Today we’ll talk about one simple concept and then wrap up with an opportunity to contemplate and pray about an important question from Jesus that might make us a little uncomfortable. The question is, ‘What do you want?’
Wanting is a tricky thing isn’t it? Sometimes we’re afraid of wanting the wrong thing. Or we’ve become convinced that wanting is bad or selfish. But what if instead of ignoring our needs or desires, Jesus offers us a better way- inviting us to know and understand them? Because seven times in the Bible Jesus asks, “What do you want?”
“What do you want?” he asked her. She said to him, “Promise that one of my sons will sit at your right and the other at your left in your kingdom.” Matthew 20:21
Jesus stopped and called them. “What do you want me to do for you?” he asked. Matthew 20:32
“What do you want me to do for you?” he asked them. Mark 10:36
Jesus asked him, “What do you want me to do for you?” The blind man said, “Teacher, I want to see again.” Mark 10:51
Jesus looked around and saw them following. “What do you want?” he asked them. They replied, “Rabbi, where are you staying?” John 1:38
“What do you want me to do for you?” The blind man said, “Lord, I want to see again.” Luke 18:40-41
Four thoughts about wanting:
#1: It’s important to ask, ‘what do I want’, but it’s even more important to ask ‘Who is influencing what I want’? We see more ads per day than our grandparents saw in a lifetime. As you already know, reflecting on this question isn’t about making a Christmas list for Jesus of things you want under your tree, this is deep soul-searching work to get to the heart of what you are deeply longing for.
#2: Epicurius came up with a good test anytime he felt himself being pulled by a strong desire, he asked himself, “What will happen to me if I get what I want? How will I feel after?”

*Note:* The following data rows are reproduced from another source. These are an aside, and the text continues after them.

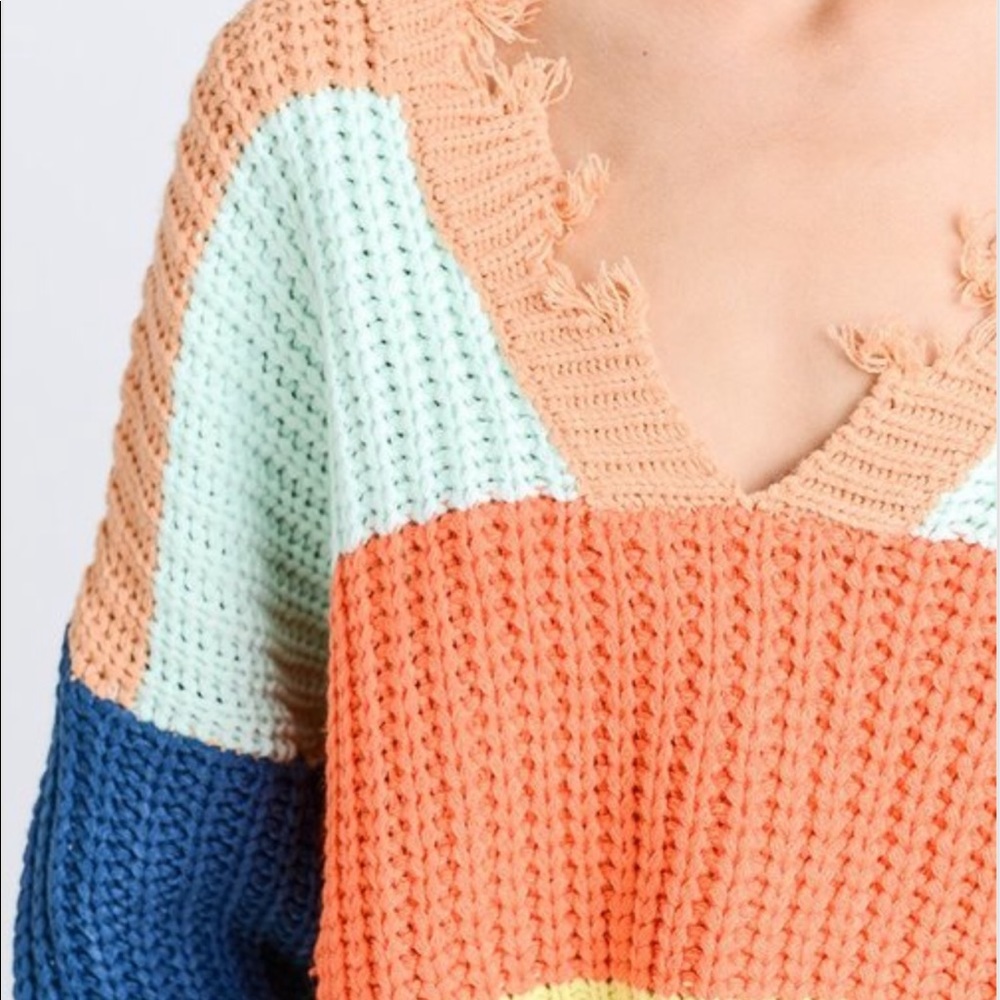 Distressed color block sweater - Picture 2 of 6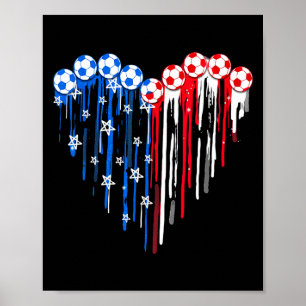 Vintage fotboll 4 juli herrar Usa amerikansk flagg Poster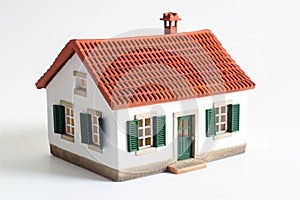 Miniature House Model on White Background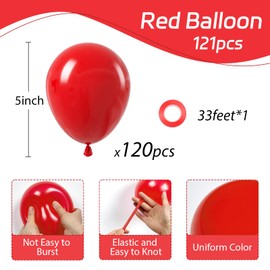 Awenztech 120pcs 5 inch Red Balloons, small Red Latex Balloons for Baby Shower Wedding Valentines Christmas Birthday Party Decorations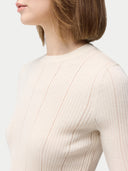 Ajourstrick-Top aus Kaschmir-Seide in Whisper White | GOBI DE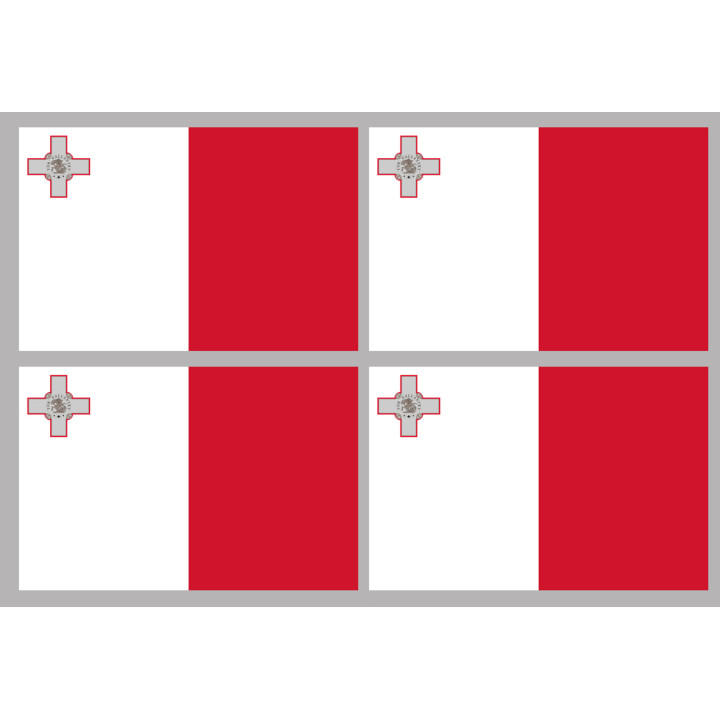 Drapeau Malte (4 fois 9.5x6.3cm) - Sticker/autocollant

#3: All our desires are a reflection of our desire for God. Relationships, sex, career, food, politics, exercise, drugs, shopping, more stuff, it flows from a longing for what only God can provide.
#4: Getting clear on what we want helps us minimize regret.
My friend Hank Fortener has identified that he wants to be present for his kids. And I deeply resonate with a practice he uses to make sure that happens. Here is what he says,
“One of my fears is regretting missing my kid’s life. Not their actual life- but the day-to-day moments. When I’m with them I can be so distracted by my phone or my mind or menial tasks- I think I could look back and wonder what the hell I was doing that was more important than being present. So I have this trick.
I sit in my car outside my house before I go in for dinner. I close my eyes. I imagine I have just died. I’m leaving this planet- this life- this dimension… But suddenly I am given one chance to live this day one more time. I open my eyes, imagining that I have been reinserted into my life. Then I go inside and eat dinner with my family. I savor every second. I get a second chance for the first time.”
Fredrick Buechner said, ‘One life on this earth is all we get, whether it is enough or not enough, and the obvious conclusion would seen to be that at the very least we are fools if we do not live it as fully and bravely and beautifully as we can.’ And so, may you slow down long enough to hear the deep desires of your heart and to honestly answer the question that Jesus is asking, What do you want?